Are you talking about the default domain policy? That one is linked t the domain head and therefore is effective in anytime anywhere unless you configure other policies to override it. So it means that it will b eeffective.
It would be best if you uploaded a screenshot of rsop with the settings in question.
cindyfillerDirector of ITAuthor Commented:
I finally found the issue using rsop as you suggested.  There was another very old policy that had a time out value and that was what was being used.  I removed the filtering on it and set to NO for both enforced and link enabled.  I did a gpupdate /force.  So far my pc isn't showing the new setting, but I assume it will shortly.
cindyfillerDirector of ITAuthor Commented:
I'm still not seeing the screen time out when I do rsop.  I've read that some options don't display when doing rsop so I did a gpresult.  It shows the policy was updated an hour ago, but also doesn't display the screen time out.  But if I look at the default domain policy in group policy management I do see the time out value is set for 900 seconds (15 minutes).  And our OU with all of our user accounts is linked to this policy.

All I'm trying to do right now is verify this has been changed.
Cindy, it is not too hard to find out :)
gpresult can show you what policy has applied and if there are competing policies, which one has won.
use the command
gpresult /h %temp%\result1.html
Afterwards, upload %temp%\result1.html and we can look at it together.
cindyfillerDirector of ITAuthor Commented:
I thought I had submitted the file yesterday, but I don't see it.  Maybe I'm blind, but I'm still not seeing that setting...
The result file shows that user you used to start gpresult does not receive ANY policies.

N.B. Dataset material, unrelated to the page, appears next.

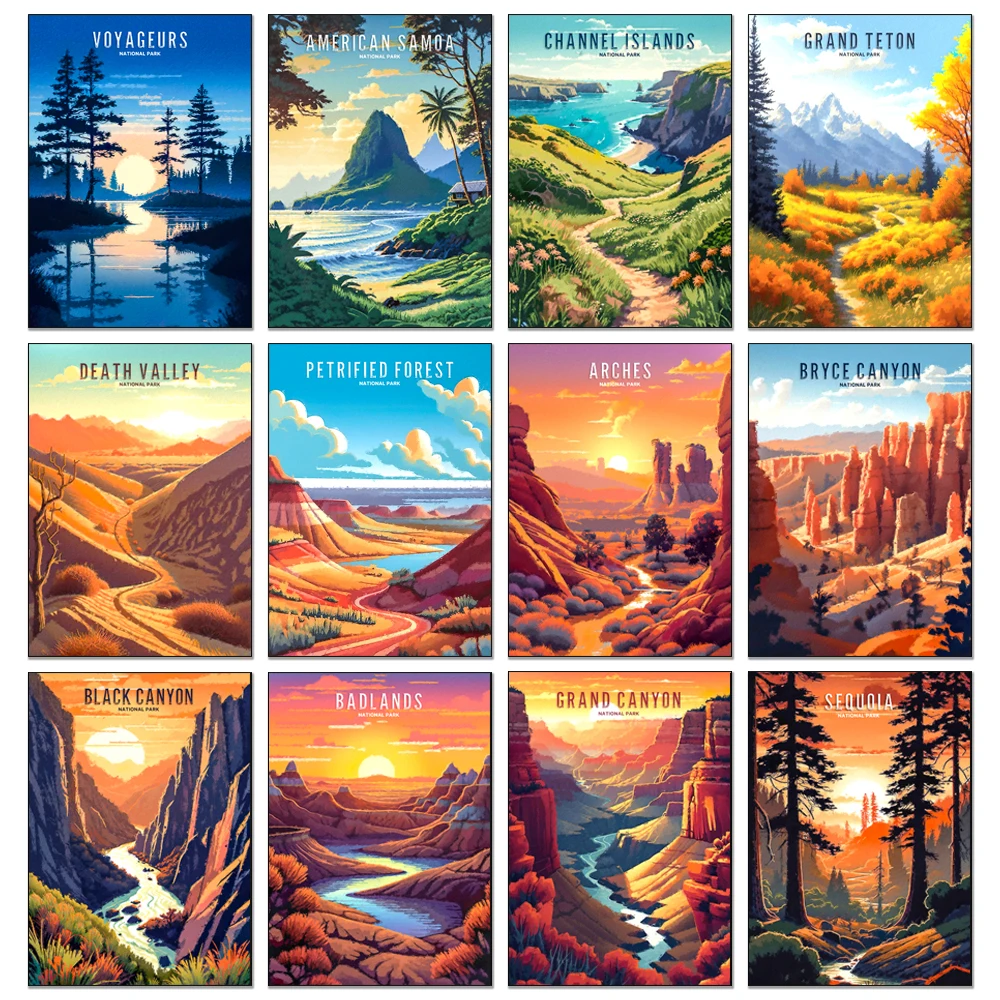 5D Diamond Painting Forest Landscape National Park Series Picture DIY Diamond Mosaic Craft Set Home Wall Decor Adult Beginner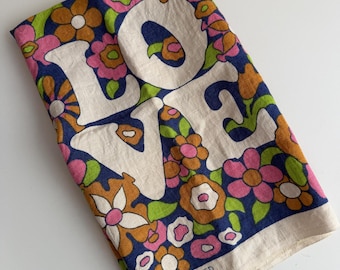 Groovy Vintage Chris Bash Flower Power "LOVE" Hand Printed Linen Tea Towel Colorful Daisy Kitchen Towel - Wonderful Graphic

So retry with a user that does. Or is maybe the user config section of the GPO simply set to disabled?
cindyfillerDirector of ITAuthor Commented:
That's why I'm so confused.  If I go to my default domain policy and show all settings it displays as enabled and the screen saver is set to 900 seconds.  I've attached a copy - couldn't get the report to print expanded from group policy management so did a print key.  And all users are in the OU that is linked to this default policy.

One way around this would be to go back to that old policy that I disabled and change that value, but I'd really like to understand why this isn't working.
OK. Rightclick DefDomPol and select "properties" and then navigate to the security tab. Make sure that the group "authenticated users" has the permission to read and to apply that policy.
cindyfillerDirector of ITAuthor Commented:
I've replied several times and the comments seem to disappear.  Hope this time it sticks.

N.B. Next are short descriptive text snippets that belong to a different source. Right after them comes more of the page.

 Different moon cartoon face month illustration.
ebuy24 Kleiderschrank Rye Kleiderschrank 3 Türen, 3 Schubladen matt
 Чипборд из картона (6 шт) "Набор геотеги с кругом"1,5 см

I did check the security tab and authenticated users had the right to read and update the policy.  I added write even though it shouldn't be necessary.  

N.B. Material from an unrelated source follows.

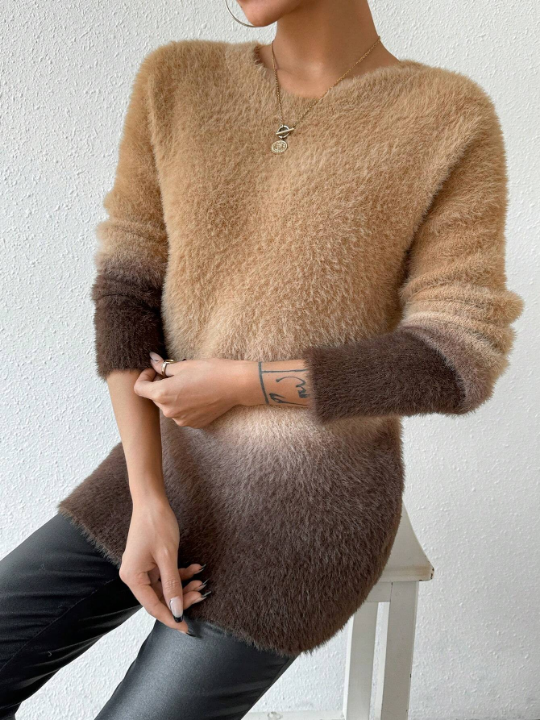 Essnce Round Neck Ombre Sweater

I had disabled the other policy that was originally giving me the wrong value, so tried to re-enable that.  I did it this morning and that one is still not showing up either - whether I do the rsop or the gpresult.  I've been testing it all afternoon and so far I get nothing for users config.
"authenticated users had the right to read and update the policy" - wait, "update"? You mean "apply"?
"I added write even though it shouldn't be necessary" - oh no, undo that at once, it is terribly dangerous to enable users to write to policies, your whole domain could get owned.
cindyfillerDirector of ITAuthor Commented:
Yes - apply the policy.  And I did remove the write...  Still can't figure out why nothing is showing in the user config.
It would stay empty if that user is either a local user or access to the policy folder is denied. Test to access that policy files manually with that very user.
cindyfillerDirector of ITAuthor Commented:
This morning, the user config is working.  The enable screen saver is coming from the default domain while the actual timeout value is coming from that old policy.  I still don't understand why the default domain timeout value never worked, but something is working and I'm good with that.  

I've learned a lot and thank you again for your assistance.  It was very, very appreciated and I'm sure more time consuming than you ever thought.